- **What this task involves**: Note on the material below: return exactly the lines from the line that holds "Havuzlu, Temiz, 1+1" through the line that holds "Charlotte Dawson reveals", and leave out each picture.

START Records for this task

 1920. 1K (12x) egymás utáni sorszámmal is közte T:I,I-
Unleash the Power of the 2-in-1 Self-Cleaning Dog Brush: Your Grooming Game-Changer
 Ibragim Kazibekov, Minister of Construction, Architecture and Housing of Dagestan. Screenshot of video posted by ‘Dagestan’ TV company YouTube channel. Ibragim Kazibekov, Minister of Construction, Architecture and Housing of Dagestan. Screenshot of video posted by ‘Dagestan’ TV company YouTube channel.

END Records for this task
START Records for this task

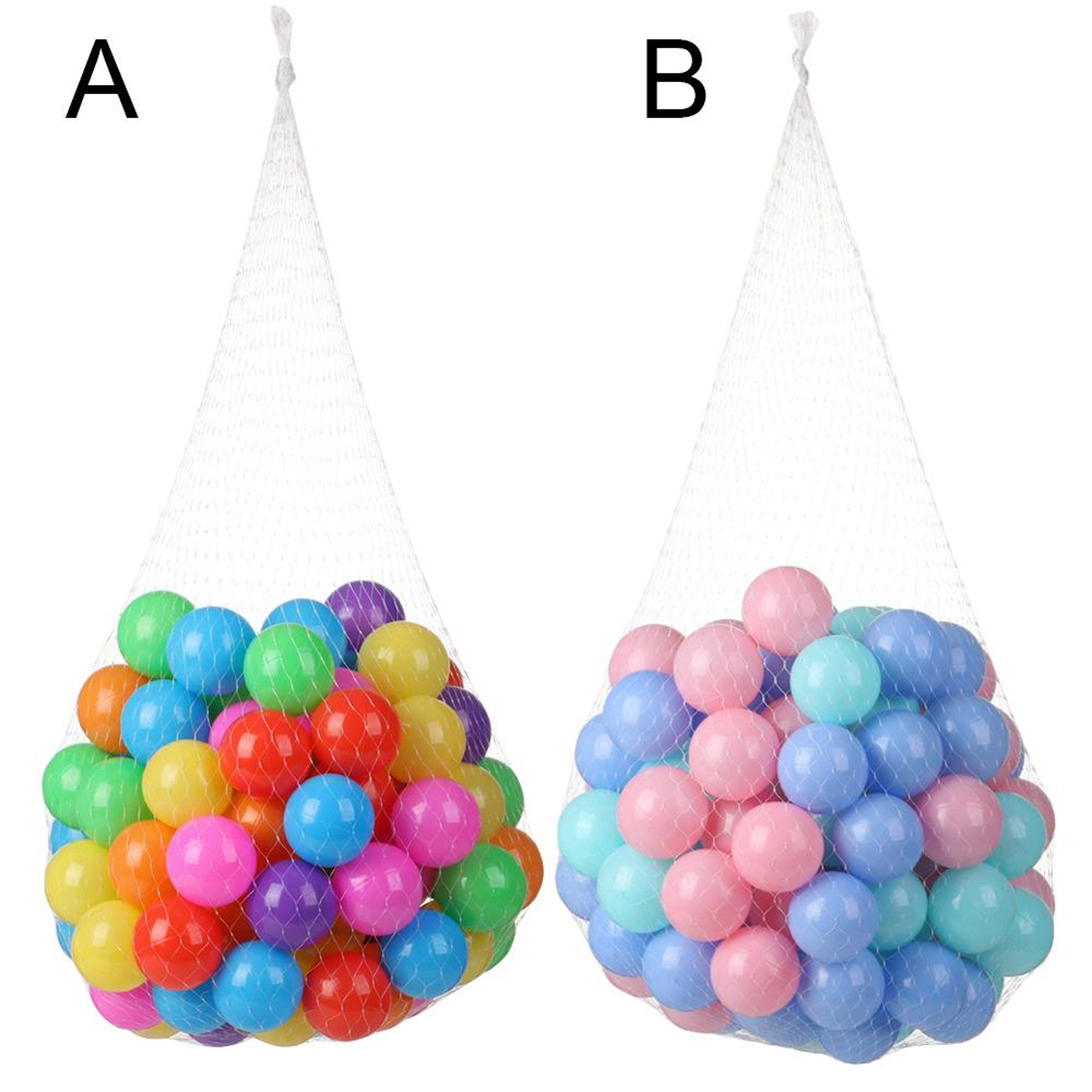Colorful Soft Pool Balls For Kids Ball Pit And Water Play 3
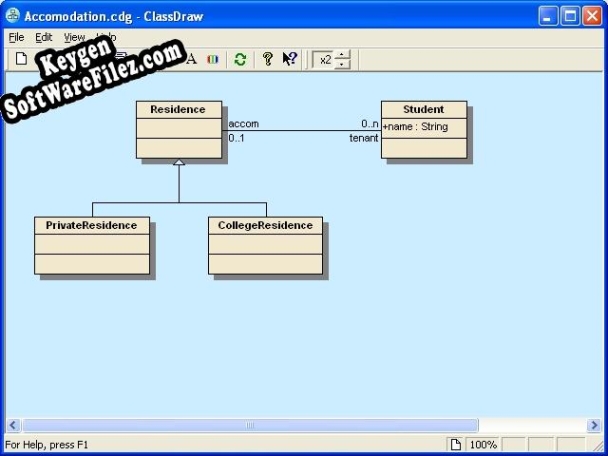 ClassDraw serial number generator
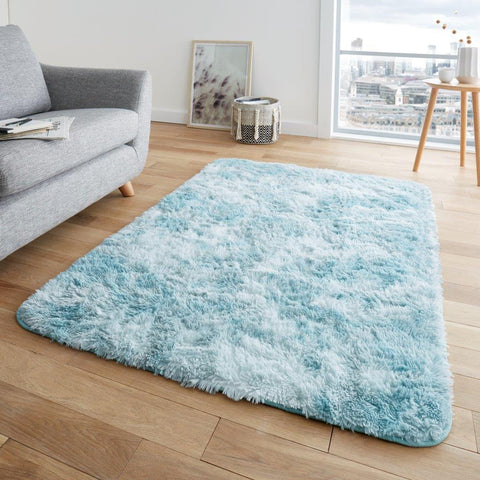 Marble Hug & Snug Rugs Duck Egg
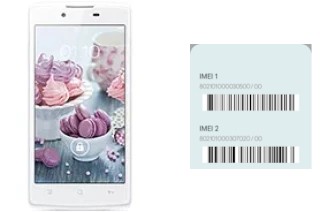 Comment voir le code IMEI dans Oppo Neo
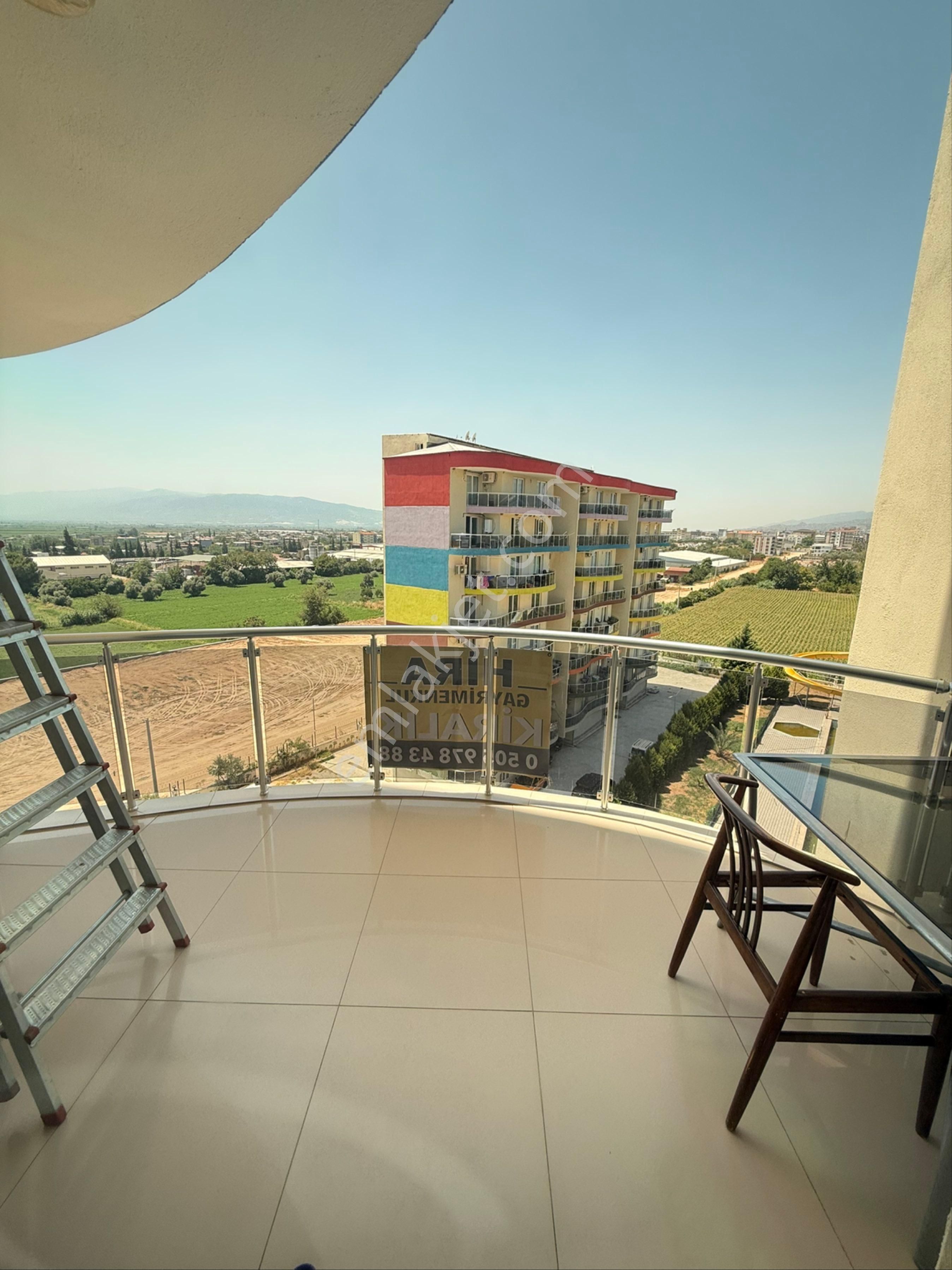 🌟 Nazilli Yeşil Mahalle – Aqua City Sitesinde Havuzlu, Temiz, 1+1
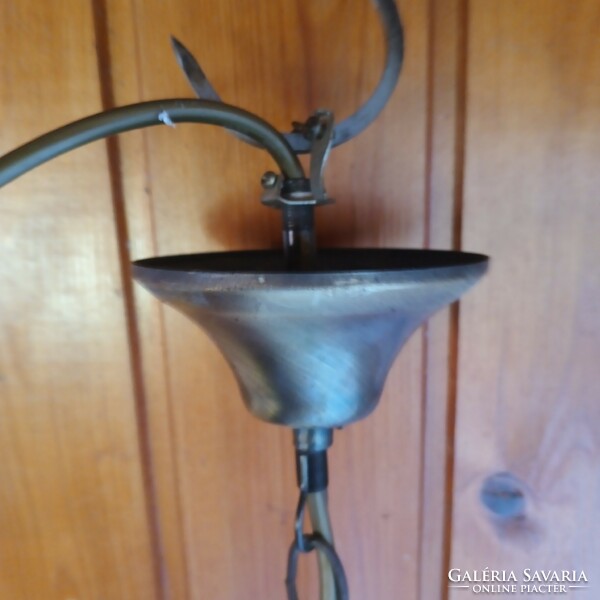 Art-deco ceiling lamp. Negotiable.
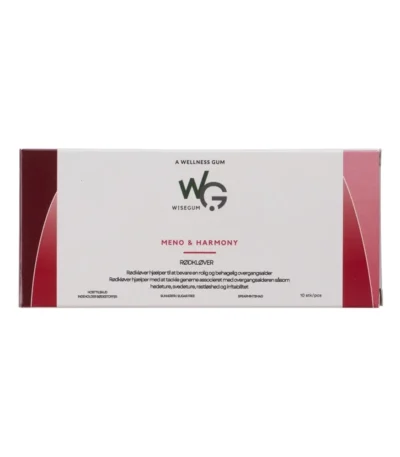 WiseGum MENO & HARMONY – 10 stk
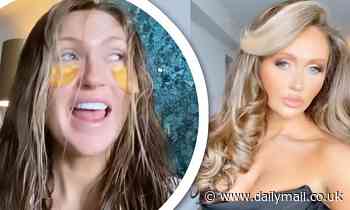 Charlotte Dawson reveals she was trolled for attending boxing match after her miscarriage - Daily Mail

END Records for this task

- **Answer to the problem**:
 🌟 Nazilli Yeşil Mahalle – Aqua City Sitesinde Havuzlu, Temiz, 1+1
 Art-deco ceiling lamp. Negotiable.
 WiseGum MENO & HARMONY – 10 stk
 Charlotte Dawson reveals she was trolled for attending boxing match after her miscarriage - Daily Mail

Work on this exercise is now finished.